Fast forward 40 years later and what the holy hell, it is now my absolute favorite Police album. It appears that age has made my aural palate more sophisticated (sort of) meaning unlike teenage me, fat candied hooks are no longer mandatory in order for me to enjoy something (mostly). And in the context of all Police albums,  the obligatory ego-sating tracks offered up by Andy Summers and Stewart Copeland are by far their finest, especially the former’s “Omegaman,” a gorgeous tornado that is arguably one of the best Police songs ever period. Fun fact: I saw them twice (!) on the Ghost tour, purchased concert tees with the album cover logo and had no idea the red graphic represented-depicted the bands faces until years later because I am stupid.

The LED lights depict the faces of The Police. For years I thought they represented a sideways view of each band member holding his respective instrument. Tragic.

MATTHEW: For me, The Police never made a bad album, but nor did they make a perfect one.  All six (1978-83) were close to each other in quality, two-thirds of the tracks excellent, a third just ok. I too prefer Ghost over Zenyatta, Hope, but only just. Some will find this outrageous—or maybe just too obvious—but I always thought Sting’s contributions were superior to the tracks contributed by Summer and Copeland; I even made mixtapes that comprised the best Sting songs on Police records, giving them names like Regatta Mondatta. For that reason, these Police albums weren’t on my final short list. Whereas Making Movies was high on that list, because I was a massive fan of the first four Dire Straits albums (1978-82). I won’t say more here about Making Movies, as Hope and I have rated all the Straits albums in a separate blog on PuR, which you can read here.

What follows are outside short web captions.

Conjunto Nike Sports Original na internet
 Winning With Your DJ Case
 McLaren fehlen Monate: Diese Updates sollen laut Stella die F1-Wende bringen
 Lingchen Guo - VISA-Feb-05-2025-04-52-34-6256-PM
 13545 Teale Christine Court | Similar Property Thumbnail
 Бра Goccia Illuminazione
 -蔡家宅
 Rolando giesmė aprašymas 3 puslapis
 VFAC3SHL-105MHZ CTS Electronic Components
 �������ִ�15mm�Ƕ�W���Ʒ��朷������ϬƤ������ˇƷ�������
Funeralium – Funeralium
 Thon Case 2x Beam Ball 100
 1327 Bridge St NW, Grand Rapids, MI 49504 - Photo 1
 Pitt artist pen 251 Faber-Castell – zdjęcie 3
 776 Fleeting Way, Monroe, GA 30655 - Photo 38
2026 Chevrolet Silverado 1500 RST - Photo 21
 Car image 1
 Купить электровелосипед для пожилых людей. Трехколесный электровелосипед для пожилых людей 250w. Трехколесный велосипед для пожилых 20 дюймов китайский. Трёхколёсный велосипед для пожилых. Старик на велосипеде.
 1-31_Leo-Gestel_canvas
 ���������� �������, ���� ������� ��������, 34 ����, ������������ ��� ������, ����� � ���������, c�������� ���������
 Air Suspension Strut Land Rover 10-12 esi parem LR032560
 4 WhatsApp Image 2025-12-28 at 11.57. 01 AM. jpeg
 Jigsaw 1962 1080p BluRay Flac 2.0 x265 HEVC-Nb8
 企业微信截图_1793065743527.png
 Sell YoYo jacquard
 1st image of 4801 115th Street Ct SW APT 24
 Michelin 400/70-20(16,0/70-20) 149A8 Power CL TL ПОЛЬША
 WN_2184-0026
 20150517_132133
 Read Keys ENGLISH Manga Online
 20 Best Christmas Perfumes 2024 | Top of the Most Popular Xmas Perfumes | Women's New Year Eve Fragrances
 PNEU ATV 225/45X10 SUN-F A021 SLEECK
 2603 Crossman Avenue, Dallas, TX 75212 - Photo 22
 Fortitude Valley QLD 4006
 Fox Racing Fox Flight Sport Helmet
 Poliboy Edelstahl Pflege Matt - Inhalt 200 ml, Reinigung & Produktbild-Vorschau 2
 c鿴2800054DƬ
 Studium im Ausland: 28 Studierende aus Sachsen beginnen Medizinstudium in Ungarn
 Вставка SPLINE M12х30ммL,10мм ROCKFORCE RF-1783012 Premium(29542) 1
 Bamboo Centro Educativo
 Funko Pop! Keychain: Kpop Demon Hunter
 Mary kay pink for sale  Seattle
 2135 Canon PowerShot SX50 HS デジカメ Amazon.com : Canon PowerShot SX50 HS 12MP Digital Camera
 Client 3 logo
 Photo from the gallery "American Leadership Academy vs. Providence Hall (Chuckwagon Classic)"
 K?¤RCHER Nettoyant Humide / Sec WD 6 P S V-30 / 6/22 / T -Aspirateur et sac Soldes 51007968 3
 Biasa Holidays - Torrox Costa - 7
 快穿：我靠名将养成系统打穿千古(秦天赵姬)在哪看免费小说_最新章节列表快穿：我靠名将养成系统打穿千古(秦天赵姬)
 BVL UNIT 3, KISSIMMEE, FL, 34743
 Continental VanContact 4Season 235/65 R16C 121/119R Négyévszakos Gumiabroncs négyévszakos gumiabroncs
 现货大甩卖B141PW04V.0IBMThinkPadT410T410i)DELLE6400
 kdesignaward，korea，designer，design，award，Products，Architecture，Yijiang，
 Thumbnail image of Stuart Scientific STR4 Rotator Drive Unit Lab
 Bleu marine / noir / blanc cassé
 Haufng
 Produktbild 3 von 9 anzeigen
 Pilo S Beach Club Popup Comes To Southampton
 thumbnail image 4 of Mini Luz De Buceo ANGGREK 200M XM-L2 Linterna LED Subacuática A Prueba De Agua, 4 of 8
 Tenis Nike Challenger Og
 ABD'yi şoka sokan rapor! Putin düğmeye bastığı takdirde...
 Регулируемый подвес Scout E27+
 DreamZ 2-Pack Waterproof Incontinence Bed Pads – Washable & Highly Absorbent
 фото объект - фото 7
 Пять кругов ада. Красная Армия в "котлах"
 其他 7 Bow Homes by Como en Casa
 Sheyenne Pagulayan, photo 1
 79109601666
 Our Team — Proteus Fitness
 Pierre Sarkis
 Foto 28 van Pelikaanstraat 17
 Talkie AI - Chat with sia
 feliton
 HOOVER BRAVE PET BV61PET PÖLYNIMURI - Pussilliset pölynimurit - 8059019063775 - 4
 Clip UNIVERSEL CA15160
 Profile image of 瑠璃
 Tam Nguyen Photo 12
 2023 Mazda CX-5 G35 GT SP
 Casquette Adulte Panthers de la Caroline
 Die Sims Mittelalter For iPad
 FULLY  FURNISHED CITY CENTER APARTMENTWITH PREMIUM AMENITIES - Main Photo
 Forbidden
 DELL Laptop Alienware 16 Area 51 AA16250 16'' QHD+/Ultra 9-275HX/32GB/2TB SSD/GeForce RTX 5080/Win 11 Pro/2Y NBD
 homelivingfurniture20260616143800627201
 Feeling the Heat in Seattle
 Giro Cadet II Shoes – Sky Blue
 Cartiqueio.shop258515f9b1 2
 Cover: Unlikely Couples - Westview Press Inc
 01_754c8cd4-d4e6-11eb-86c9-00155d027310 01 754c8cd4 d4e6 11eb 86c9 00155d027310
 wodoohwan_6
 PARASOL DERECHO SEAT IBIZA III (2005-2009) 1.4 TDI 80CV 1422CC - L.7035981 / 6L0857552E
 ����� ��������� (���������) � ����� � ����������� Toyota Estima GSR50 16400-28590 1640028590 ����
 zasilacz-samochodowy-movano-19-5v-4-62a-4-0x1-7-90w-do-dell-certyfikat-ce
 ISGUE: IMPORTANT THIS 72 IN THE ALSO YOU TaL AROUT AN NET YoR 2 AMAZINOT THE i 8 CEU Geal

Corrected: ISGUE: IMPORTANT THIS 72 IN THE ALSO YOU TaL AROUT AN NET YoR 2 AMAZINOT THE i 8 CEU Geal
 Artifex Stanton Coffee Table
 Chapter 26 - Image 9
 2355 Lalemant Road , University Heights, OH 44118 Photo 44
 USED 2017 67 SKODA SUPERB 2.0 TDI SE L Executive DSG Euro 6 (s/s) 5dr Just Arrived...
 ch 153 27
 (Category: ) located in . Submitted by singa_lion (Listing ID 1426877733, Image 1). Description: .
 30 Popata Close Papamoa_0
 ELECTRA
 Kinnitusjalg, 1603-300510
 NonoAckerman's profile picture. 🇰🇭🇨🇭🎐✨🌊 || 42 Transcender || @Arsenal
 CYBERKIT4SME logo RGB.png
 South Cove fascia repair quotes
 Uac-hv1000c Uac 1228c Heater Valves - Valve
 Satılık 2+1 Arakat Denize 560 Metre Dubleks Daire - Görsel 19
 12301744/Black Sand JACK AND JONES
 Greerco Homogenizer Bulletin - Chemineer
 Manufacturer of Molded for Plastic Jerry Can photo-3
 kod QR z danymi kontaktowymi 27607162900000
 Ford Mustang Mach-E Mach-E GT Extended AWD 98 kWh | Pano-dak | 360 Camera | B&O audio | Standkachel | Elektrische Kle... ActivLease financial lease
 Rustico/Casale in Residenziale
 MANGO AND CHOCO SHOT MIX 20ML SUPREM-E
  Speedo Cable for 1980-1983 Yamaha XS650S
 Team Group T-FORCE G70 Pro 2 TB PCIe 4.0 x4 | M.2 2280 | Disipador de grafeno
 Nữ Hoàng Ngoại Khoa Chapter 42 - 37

HOPE: As for Making Movies, while I was enamored with the groovy weirdness of “Skateaway” (both the song and its super foxy video), it took a minute for me to appreciate it as a whole. And apart from a couple of filler tracks,  it’s damn good. Still despite its wistful horniness, something I could sadly relate to in 1980, it played no role in my life until the following decade. I think I subconsciously considered it to be a record for boys, if that makes sense. There was more instrumental noodling than pop-ified soulful desperation. And back then, it was all about the latter (which all the stuff we’re writing about here has made painfully obvious to me).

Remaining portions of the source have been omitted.